No siempre me gusta todo lo que hace, pero consigue algo, una cualidad atemporal, un alejamiento de modas y de efectismos que, cuando se materializa en un proyecto que me interesa, me parece único.
Lo que he leído
Estoy estos días con Los Peligros de Fumar en la Cama, de Mariana Enríquez, y me está gustando mucho. Leo por ahí que la han comparado con Thomas Ligotti, pero, sinceramente, ella me interesa mucho más. La literatura de terror contemporánea tiende a tener, a veces, un punto pretencioso que encuentro en Ligotti y que no veo en ella, capaz de escribir con la sencillez de quien te está contando algo, sin darle más importancia, pero que consigue que ese algo se te queda dando vueltas en la cabeza durante días.
Lo que he visto
La Amenaza de Andrómeda es un clásico de ciencia ficción de 1971. A ratos puede no ser la película más trepidante que hayas visto, pero la historia está bien llevada y es un buen reflejo de cómo se aplica el método científico frente a algo que se desconoce.
Lo más interesante para mí, sin embargo, fue el apartado estético.
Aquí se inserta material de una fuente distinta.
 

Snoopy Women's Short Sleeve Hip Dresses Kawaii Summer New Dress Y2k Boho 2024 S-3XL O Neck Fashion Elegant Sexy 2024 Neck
No puede ser más años 70, pero al mismo tiempo es evidente la influencia en la primera película de la saga Resident Evil, desde el pueblo en el que comienza todo al diseño de ese laboratorio subterráneo organizado en plantas protegidas por una inteligencia artificial que dialoga con los personajes y acaba defendiéndose de ellos con rayos láser.
Lo que he escuchado
Esta semana volvía a Facelift, el primer disco de larga duración de Alice in Chains. Hacía un tiempo que no lo escuchaba.
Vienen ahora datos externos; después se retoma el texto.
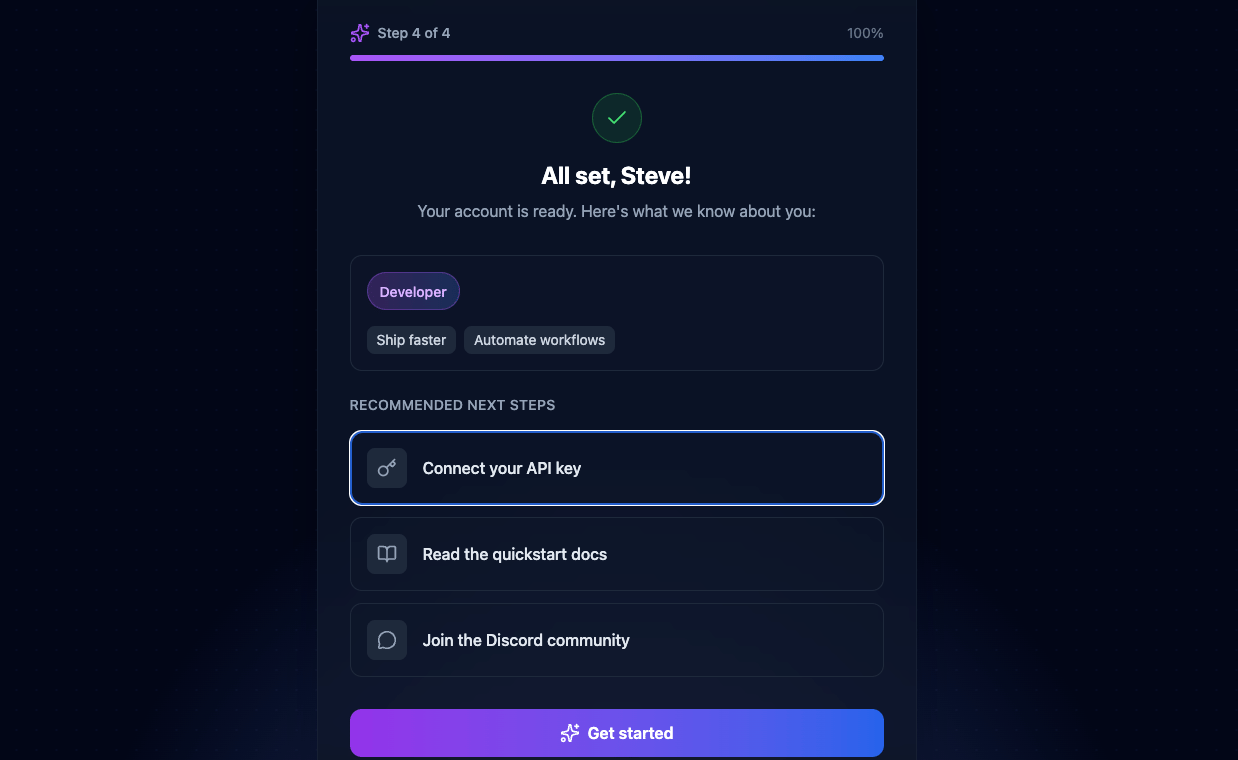 Step 4 All Set with personalized Developer recommendations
En mis años finales de instituto tuve una etapa en la que estuve absolutamente volcado con el grunge. Nirvana me gustaban, pero eran un poco demasiado obvios (sí, otra vez la tontería de escuchar las cosas en función de la imagen que dieran), Pearl Jam estaban bien, pero eran, de alguna manera, la banda que oían los que me parecía que se creían especiales.
Así que me decanté por Alice in Chains. Quizás también porque eran una de las bandas grunge, quizás junto a Soundgarden, que se escoraban más hacia el metal. Y probablemente por esa actitud, sobre todo del guitarrista Jerry Cantrell, que parecía estar por allí casi de paso, recién salido de un concierto de una banda de metal de la década anterior, cuando parecía no haber más que camisas de franela a cuadros y botas militares. Como las que llevaba yo mientras me quejaba, ni más ni menos, que ya he dicho que lo de la coherencia lo he llevado siempre regular.
Volví a él, 32 años después. Qué barbaridad de disco. Y que barbaridad pensar que tenían 24 años.